Once I heard somebody ask Bill Monroe if anybody would be around to play bluegrass and "carry the torch" when Bill was no longer on this earth (upright), and Bill answered, "No." Maybe Bill was correct....

----------


## T.D.Nydn

> Once I heard somebody ask Bill Monroe if anybody would be around to play bluegrass and "carry the torch" when Bill was no longer on this earth (upright), and Bill answered, "No." Maybe Bill was correct....


That is an incredible answer to think about,,you can read all kinds of thing's in it...

----------


## hnicoleanderson

Bluegrass progressed already into country pop. If you stray too far from it's roots, it's no longer bluegrass as it becomes something else.

----------


## hnicoleanderson

> I've expressed this opinion before, but what the hell, why let that stop me... IMO musical genres have a shelf-life, after which comes a point of diminishing returns.

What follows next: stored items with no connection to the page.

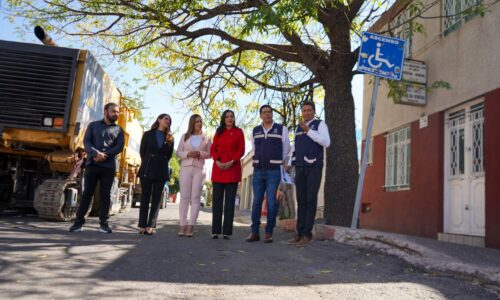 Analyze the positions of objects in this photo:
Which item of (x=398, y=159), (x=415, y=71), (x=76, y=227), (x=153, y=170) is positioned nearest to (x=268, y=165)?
(x=153, y=170)

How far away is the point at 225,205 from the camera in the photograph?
7.11 m

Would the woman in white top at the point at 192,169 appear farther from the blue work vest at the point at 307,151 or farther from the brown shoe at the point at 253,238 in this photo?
the blue work vest at the point at 307,151

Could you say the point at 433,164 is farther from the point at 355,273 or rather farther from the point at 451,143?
the point at 355,273

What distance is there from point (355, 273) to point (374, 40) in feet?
11.1

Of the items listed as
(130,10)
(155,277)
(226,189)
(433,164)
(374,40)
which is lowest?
(155,277)

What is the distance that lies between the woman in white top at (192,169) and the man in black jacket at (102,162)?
97 cm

You may bemoan the fact that there's no 'real' bluegrass around anymore, but really, what are you going to hear anyway that's going to rival Bill Monroe, Jimmy Martin, Flatt and Scruggs, etc.?
> 
> There are still blues bands, but what is there in the same league as Muddy, Wolf, Sonny Boy? Same with jazz, is there really any need to listen to (hardly) anything post-Miles, Coltrane, Monk, Mingus?? Etc etc ad nauseam. You still have the old records, give them a spin and enjoy!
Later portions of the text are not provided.